Information Note on the Court’s case-law 224
December 2018

Casa di Cura Valle Fiorita S.r.l. v. Italy – 67944/13

Judgment 13.12.2018 [Section I]
Article 6
Enforcement proceedings
Article 6-1
Access to court
Failure to enforce the seizure, ordered by a judge five years previously, of a property unlawfully occupied by third parties: violation
Article 1 of Protocol No. 1
Article 1 para. 1 of Protocol No. 1
Peaceful enjoyment of possessions
Failure to enforce the seizure, ordered by a judge five years previously, of a property unlawfully occupied by third parties: violation

Facts – The applicant company has been unable to recover possession of a building that it owns and that has been unlawfully occupied since 2012 by a group of around 150 people, despite an order made by the investigating judge in August 2013 for the provisional seizure of the property. The main reason cited for the failure to enforce the seizure order was the impossibility of evicting the building’s occupants because the municipality did not have sufficient funds to rehouse them. In a memorandum of March 2016, the Prefect requested that the municipality find alternative housing for the occupants so that the building could be evacuated.

Law

Article 6 § 1 of the Convention: The investigating judge’s decision of August 2013 ordering the provisional seizure of the property concerned a civil right on the part of the applicant company, namely the protection of its property rights. By its very nature, that decision had been urgent since it was designed to prevent the continuation of an offence in order to preserve the integrity of the injured party’s property. It had also been final and enforceable. However, the seizure order remained unenforced to date and the authorities had made no attempt to enforce it since its issuance by the judge.

The Government had sought to justify the delay in enforcement by citing reasons of public order and social considerations, chief among them the lack of alternative accommodation for the occupants, stemming in particular from the municipality’s financial difficulties. The Court was prepared to accept that the domestic authorities might also have sought to avert a serious risk of public-order disturbances linked to the eviction of several dozen individuals, especially since the occupation of the building was taking place against the backdrop of a campaign that had attracted widespread media coverage.

Nevertheless, the Government had not provided any information on the action allegedly taken by the administrative authorities to find alternative accommodation since the occupation had begun or, at least, since the Prefect’s memorandum of March 2016. Accordingly, there was no justification in the present case for the authorities’ complete and prolonged failure to take action. Moreover, a lack of resources could not in itself amount to an acceptable reason for failing to enforce a judicial decision, nor could the lack of alternative accommodation.

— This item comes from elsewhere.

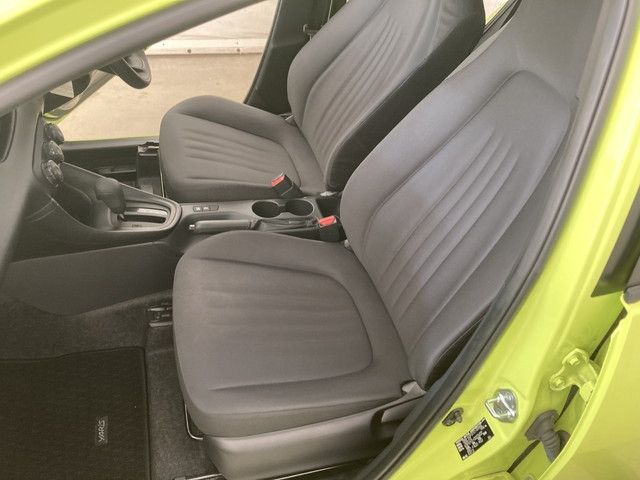 Toyota YARIS 2020-09 28028-9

In failing for over five years to take any of the measures needed to comply with a final and enforceable judicial decision, the national authorities had deprived the provisions of Article 6 § 1 of all useful effect in the present case and had breached the principle of a law-based State, founded on the rule of law and the principle of legal certainty.

Conclusion: violation (unanimously).

Article 1 of Protocol No. 1: In line with the Court’s finding in the Matheus v. France judgment, and unlike the judgment in the case of Immobiliare Saffi v. Italy [GC], the authorities’ refusal to evacuate the applicant company’s building did not amount to a measure to control the use of property within the meaning of Article 1 of Protocol No. 1. In the present case, and despite the fact that the issue of finding alternative accommodation for the occupants had been taken into account, the refusal to evict them did not arise directly out of the application of the relevant legislation in the sphere of economic and social policy, but out of the refusal of the competent authorities, in the specific circumstances and over a period of several years, to evacuate the applicant company’s property. The failure to enforce the decision given by the investigating judge in August 2013 therefore had to be examined in the light of the general rule in the first sentence of the first paragraph of Article 1 of Protocol No. 1, which laid down the right to the peaceful enjoyment of possessions.

For over five years, the authorities had failed to act upon the decision of the investigating judge ordering the evacuation of the applicant company’s building. Social considerations and the requirements of public order, which the Court did not underestimate, could have justified a delay in enforcement in the present case. However, the Court regarded as unacceptable the period of non-enforcement, which persisted to this day, coupled with the complete lack of information concerning the steps taken or under consideration by the authorities to put an end to the situation. Furthermore, the applicant company was still liable in the meantime for the energy costs incurred by the building’s occupants. In view of the individual interests of the applicant company, the authorities, after a reasonable period of time had been spent in attempting to find a satisfactory solution, should have taken the necessary measures to comply with the judicial decision.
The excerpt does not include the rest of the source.